*** RECORDS SHOWN ***

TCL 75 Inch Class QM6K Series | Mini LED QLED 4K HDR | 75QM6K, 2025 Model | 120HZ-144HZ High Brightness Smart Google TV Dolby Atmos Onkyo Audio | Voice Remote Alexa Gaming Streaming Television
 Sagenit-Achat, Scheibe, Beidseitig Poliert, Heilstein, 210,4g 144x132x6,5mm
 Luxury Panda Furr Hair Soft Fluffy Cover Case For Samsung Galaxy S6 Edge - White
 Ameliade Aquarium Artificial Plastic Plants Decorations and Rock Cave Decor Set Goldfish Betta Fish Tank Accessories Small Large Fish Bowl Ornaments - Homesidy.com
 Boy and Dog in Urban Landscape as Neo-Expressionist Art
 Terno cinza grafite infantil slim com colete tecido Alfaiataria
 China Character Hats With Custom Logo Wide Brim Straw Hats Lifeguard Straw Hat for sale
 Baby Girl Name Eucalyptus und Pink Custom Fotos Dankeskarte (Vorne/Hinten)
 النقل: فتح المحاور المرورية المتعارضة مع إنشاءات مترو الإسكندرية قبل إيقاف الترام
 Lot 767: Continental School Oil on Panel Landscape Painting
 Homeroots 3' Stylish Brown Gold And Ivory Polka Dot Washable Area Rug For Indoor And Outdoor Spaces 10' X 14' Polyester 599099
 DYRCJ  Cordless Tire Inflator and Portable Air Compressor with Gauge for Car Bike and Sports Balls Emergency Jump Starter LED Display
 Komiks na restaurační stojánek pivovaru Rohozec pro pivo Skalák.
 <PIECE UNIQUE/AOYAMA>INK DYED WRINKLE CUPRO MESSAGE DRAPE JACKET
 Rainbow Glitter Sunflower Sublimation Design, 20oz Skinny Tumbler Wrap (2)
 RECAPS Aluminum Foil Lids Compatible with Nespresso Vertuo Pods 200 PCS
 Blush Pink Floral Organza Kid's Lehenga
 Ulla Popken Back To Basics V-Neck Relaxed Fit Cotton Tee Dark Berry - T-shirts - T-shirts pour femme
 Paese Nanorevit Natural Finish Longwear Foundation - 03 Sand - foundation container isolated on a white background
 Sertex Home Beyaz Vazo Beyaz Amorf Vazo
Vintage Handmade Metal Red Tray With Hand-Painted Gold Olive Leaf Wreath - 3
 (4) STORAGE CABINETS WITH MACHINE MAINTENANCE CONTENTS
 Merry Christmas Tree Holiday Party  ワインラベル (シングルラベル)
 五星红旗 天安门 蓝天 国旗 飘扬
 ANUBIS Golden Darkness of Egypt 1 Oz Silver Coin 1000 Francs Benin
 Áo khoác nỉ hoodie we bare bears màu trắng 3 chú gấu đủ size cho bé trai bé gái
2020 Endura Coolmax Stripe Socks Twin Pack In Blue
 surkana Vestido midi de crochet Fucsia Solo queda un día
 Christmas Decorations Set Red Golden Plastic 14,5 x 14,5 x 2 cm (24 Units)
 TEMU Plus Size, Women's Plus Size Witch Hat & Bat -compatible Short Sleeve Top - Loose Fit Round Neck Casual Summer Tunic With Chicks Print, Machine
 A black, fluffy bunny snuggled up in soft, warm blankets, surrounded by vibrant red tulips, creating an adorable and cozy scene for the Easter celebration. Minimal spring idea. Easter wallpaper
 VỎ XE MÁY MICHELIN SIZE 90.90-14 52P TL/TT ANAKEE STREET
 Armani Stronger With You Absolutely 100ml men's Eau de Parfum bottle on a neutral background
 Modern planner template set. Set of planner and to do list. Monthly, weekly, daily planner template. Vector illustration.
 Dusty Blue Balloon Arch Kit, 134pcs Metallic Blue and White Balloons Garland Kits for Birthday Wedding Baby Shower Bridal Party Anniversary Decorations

*** End of RECORDS SHOWN ***

[YOUR ASSIGNMENT] All that belongs in your answer is the stretch of entries above from the line with "Sagenit-Achat, Scheibe, Beidseitig" through the line with "Áo khoác nỉ", printed exactly.

[RESPONSE TO THE TASK]
 Sagenit-Achat, Scheibe, Beidseitig Poliert, Heilstein, 210,4g 144x132x6,5mm
 Luxury Panda Furr Hair Soft Fluffy Cover Case For Samsung Galaxy S6 Edge - White
 Ameliade Aquarium Artificial Plastic Plants Decorations and Rock Cave Decor Set Goldfish Betta Fish Tank Accessories Small Large Fish Bowl Ornaments - Homesidy.com
 Boy and Dog in Urban Landscape as Neo-Expressionist Art
 Terno cinza grafite infantil slim com colete tecido Alfaiataria
 China Character Hats With Custom Logo Wide Brim Straw Hats Lifeguard Straw Hat for sale
 Baby Girl Name Eucalyptus und Pink Custom Fotos Dankeskarte (Vorne/Hinten)
 النقل: فتح المحاور المرورية المتعارضة مع إنشاءات مترو الإسكندرية قبل إيقاف الترام
 Lot 767: Continental School Oil on Panel Landscape Painting
 Homeroots 3' Stylish Brown Gold And Ivory Polka Dot Washable Area Rug For Indoor And Outdoor Spaces 10' X 14' Polyester 599099
 DYRCJ  Cordless Tire Inflator and Portable Air Compressor with Gauge for Car Bike and Sports Balls Emergency Jump Starter LED Display
 Komiks na restaurační stojánek pivovaru Rohozec pro pivo Skalák.
 <PIECE UNIQUE/AOYAMA>INK DYED WRINKLE CUPRO MESSAGE DRAPE JACKET
 Rainbow Glitter Sunflower Sublimation Design, 20oz Skinny Tumbler Wrap (2)
 RECAPS Aluminum Foil Lids Compatible with Nespresso Vertuo Pods 200 PCS
 Blush Pink Floral Organza Kid's Lehenga
 Ulla Popken Back To Basics V-Neck Relaxed Fit Cotton Tee Dark Berry - T-shirts - T-shirts pour femme
 Paese Nanorevit Natural Finish Longwear Foundation - 03 Sand - foundation container isolated on a white background
 Sertex Home Beyaz Vazo Beyaz Amorf Vazo
Vintage Handmade Metal Red Tray With Hand-Painted Gold Olive Leaf Wreath - 3
 (4) STORAGE CABINETS WITH MACHINE MAINTENANCE CONTENTS
 Merry Christmas Tree Holiday Party  ワインラベル (シングルラベル)
 五星红旗 天安门 蓝天 国旗 飘扬
 ANUBIS Golden Darkness of Egypt 1 Oz Silver Coin 1000 Francs Benin
 Áo khoác nỉ hoodie we bare bears màu trắng 3 chú gấu đủ size cho bé trai bé gái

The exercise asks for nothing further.